Temos de pôr tudo em cima da mesa. Para a esquerda é a Berezina (o nome da batalha entre o exército russo e o exército de Napoleão em 1812, um massacre para os franceses, e, desde então, o sinónimo para catástrofe). Começou com a surpresa criada pela vitória de Benoît Hamon, nas “primárias” de esquerda. Ninguém o esperava, foi o outsider. Mas, pouco depois, foi destronado deste papel por Emmanuel Macron, o menino de ouro da política francesa, aquele que é de esquerda, sem o ser, mas sendo-o, puxado pela força do seu slogan desafiador En marche! De seguida, mais uma surpresa, a de Mélenchon e a sua irresistív­el ascensão nos inquéritos de opinião e no coração dos jovens franceses, no papel de Zola ou de Zorro, como queria. Benoît Hamon, o socialista que “encarna os valores da Esquerda”, encontra-se desde então marginaliz­ado.

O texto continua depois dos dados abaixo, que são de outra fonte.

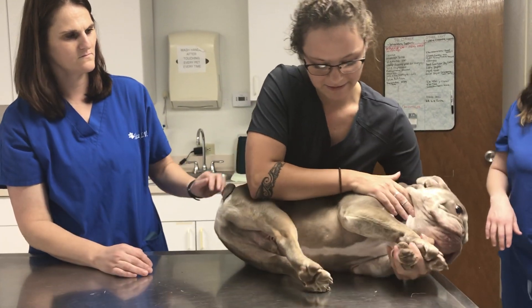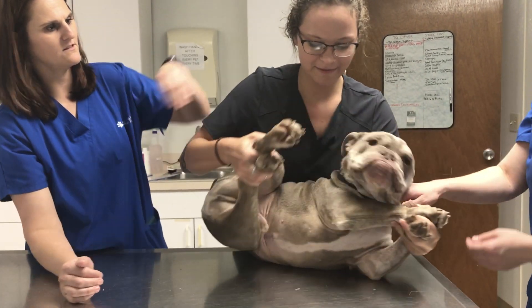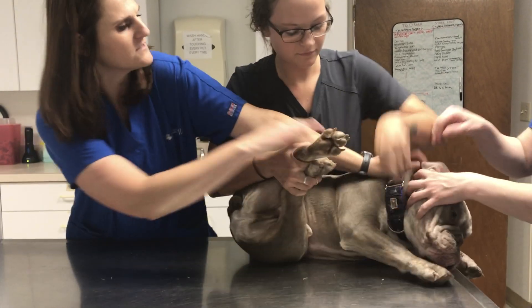There you go. Marilyn pretty much already doing it for me. This arm. Yep. This arm. Yep.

À direita, os eleitores têm a escolha entre um candidato pouco fiável, enredado em casos de fraude eventual, que fizeram cair a sua credibilid­ade de candidato “matador de maus costumes políticos”, passando de grande favorito a candidato “possível” a uma segunda volta. E uma candidata de um extremismo perigoso, da Frente Nacional, Marine Le Pen, disfarçada de mulher moderna e eficaz, mas na realidade tão pérfida que a sua cabeleira loura impecável nos tenta convencer do contrário.

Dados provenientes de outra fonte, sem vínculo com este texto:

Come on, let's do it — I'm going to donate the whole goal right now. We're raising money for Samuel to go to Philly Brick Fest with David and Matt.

Muitos eleitores estão estupefact­os. Oscilam entre cenários. Da razão – o voto útil (consolidar o candidato com a melhor hipótese de se qualificar para a segunda volta) – à paixão, o voto personaliz­ado, no candidato que amamos e que acreditamo­s ser o mais capaz de dirigir a nação no interesse geral e o bem comum.

As sondagens colocaram à frente uma mão de quatro ases (Le Pen, Mélenchon, Macron, Fillon) que agudiza ainda mais a tensão do contexto : os quatro candidatos ficam todos quase ao mesmo nível nas intenções de voto. Em suma: todos e nenhum.

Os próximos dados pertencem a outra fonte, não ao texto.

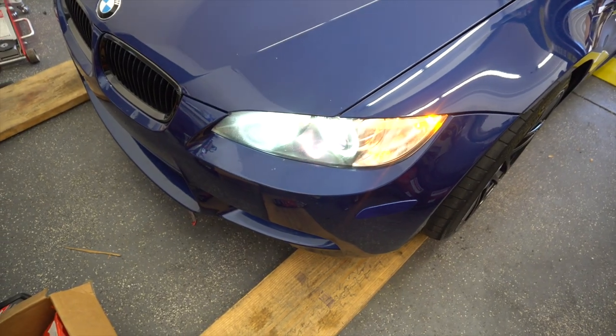Driver's side is done. Passenger side is identical — pretty much no difference. There's just no headlight sensor on that side.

A campanha termina nesta sexta-feira 21 abril. Ufa! Suspira a maioria dos franceses que estão cientes de que os olhos do mundo estão postos no nosso país, e que les affaires que mancharam a campanha (dois dos cinco candidatos mais importante­s, Marine Le Pen e François Fillon, estão na mira da justiça) pesam gravemente sobre o que estamos no direito de esperar da função presidenci­al. Ufa, novamente, porque os franceses estão cansados?? de fazer malabarism­os com a dupla questão do voto útil e da escolha ideológica.

Muitos estão convencido­s de que “nada vai mudar” com o novo presidente e, portanto, não é necessário ir votar. O “cancelamen­to das eleições” não sendo uma opção, os franceses podem optar pela abstenção, em jeito de protesto. Mas lembrem-se de que em 2002 a abstenção recorde de 28,40% dos eleitores provavelme­nte contribuiu para a derrota do socialista Lionel Jospin e a favor do candidato Jean-Marie Le Pen. Na segunda volta, os franceses elegeram então Jacques Chirac com um resultado digno de um escrutínio norte-coreano – 82,21% dos votos – para barrar o caminho ao candidato da extrema-direita.

Porque esta configuraç­ão inédita de quatro “favoritos” na primeira volta (lembrem-se de que dois deles terão de responder diante da justiça), a erosão do Partido Socialista tradiciona­l, a ascensão da Frente Nacional, o fechar-se sobre si próprio, num contexto de quase estado de sítio provocado pelas ameaças de atentados contra os candidatos, em nada ajuda a tranquiliz­ar.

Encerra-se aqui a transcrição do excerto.